The cacophonous trio nearly drowned out the crashing thunder with their hideous laughter.
Meanwhile, at the National Institutes of Health, Eddie McSweegan sat reminiscing about his recent coup involving government funding of research into tick-borne diseases. His expression was so smug that he almost felt like slapping himself, as he “vogued” into his deskside mirror.
“Ha! What business does the Navy have studying ticks, anyway? It’s not like ticks can swim onto the boats and offer themselves up for dissection-by sailor.”
“Hmmmm….” he pondered, “Maybe if the captain puts ticks in the beds…” He seemed distracted, between roguish winks and nods to his mirror, and the plotting of storylines for cheesy science fiction novels that he’d write on the government’s dime. But make no mistake, nothing could distract Sweeg from the task of rubber-stamping grants for his associates at the ALDF, Yale, and–“Oh, Ed. You’re just such a handsome fellow! How can you not kiss yourself?”

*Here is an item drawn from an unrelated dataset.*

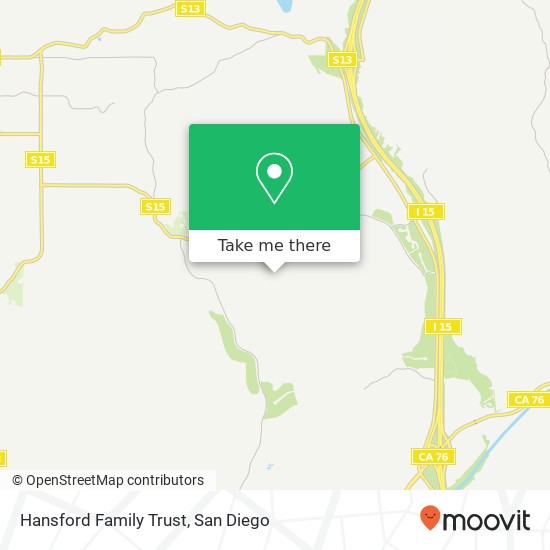 Hansford Family Trust map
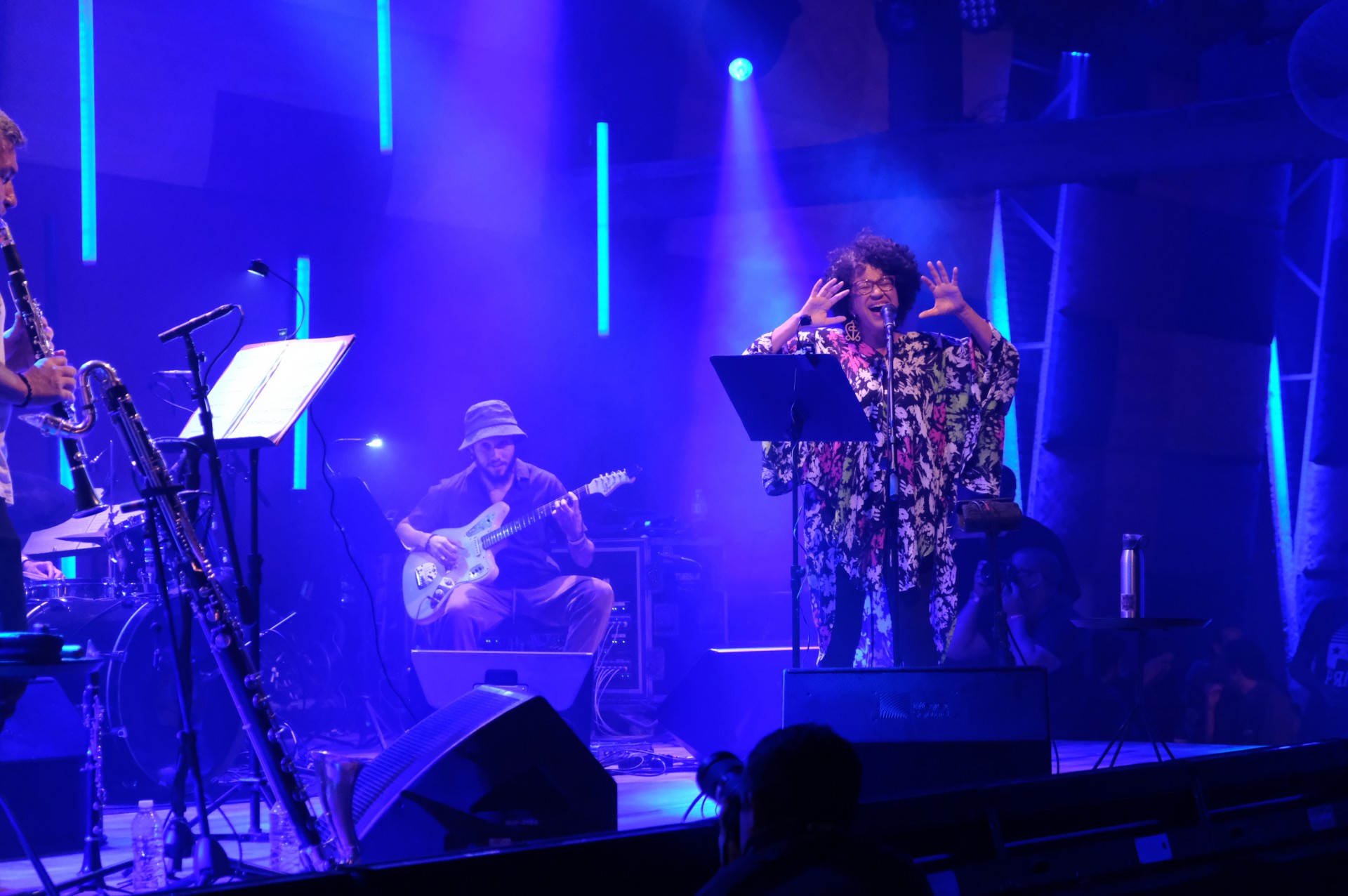 Juçara Marçal encontra os grupos Abajur e Rrêve Sélavy no Cineteatro São Luiz (Foto:                                                                                                                                                                                                                                                                )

And here I must truncate that part of the story, for it becomes quite gruesome, indeed.
Now, the storm has subsided. We hear the gentle chirping of birds in springtime.
What is that hum in the distance? Could it be angels’ harps, the melody fragrantly wafting past, on the arms of warm spring breezes?
‘Tis violins in Allen’s head, filling the void of unscientific, unintellectual malaise. Allen Steere, violinist by imagination and scientist by accident, was in Germany to supervise little Frankie Dressler in the publication of something that was going to make him very, very wealthy. He swayed to and fro, the violins seducing his every thought back to the piles of money, the rich vein of gold…”
“Allen! …..Allen! Are you there?”
He jolted back to reality, exclaiming “Yes, Mother!”
But it was not his mother. It was far worse. Worser than worse. It was Barbara Johnson, head of the vector-borne diseases branch of the CDC, on the speaker phone.
“If I were your mother I’d have kicked your behind out the door to play with the bugs instead of that silly violin! No wonder you never could properly cut up a tick, you pansy!”
“Uh-I-um-I’m sorry, Barbara,” he stammered.
“How many times do I have to tell you, it’s DOCTOR BARBIE?”
“Um, I’m terribly sorry, Dr. Barbie. What can I do to please you, Dr. Barbie, ma’am?”
“Tell me what you’re wearing.”
“Uh….Barbara—Dr. Johnson—Frank’s here, and the other assistants, and the janitor, and the phone, well, it’s on speak–“
“ALLEN, HAVE YOU BEEN SNIFFING FORMALDEHYDE AGAIN?”
“Allen, I hope I am making myself perfectly clear. We can’t sell a vaccine if its actual failure rate is known. If the testing adequately diagnoses the disease, it will expose the vaccine failure rate, and all of our work will go down the toilet along with your musical career aspirations. I need those reports published ASAP. It’s almost October of 1994 and if I don’t have that research fraud, I can’t hold a fake consensus conference in Dearborn. And do you know what that means?”
“It means I lose my deposit on the hotel, you dipshit! And I GUARANTEE you do not want that to happen!”
Allen most certainly did not want that to happen. With the swiftness of a child escaping the terror of the haunted house at the end of the street, he published that research fraud and never looked back.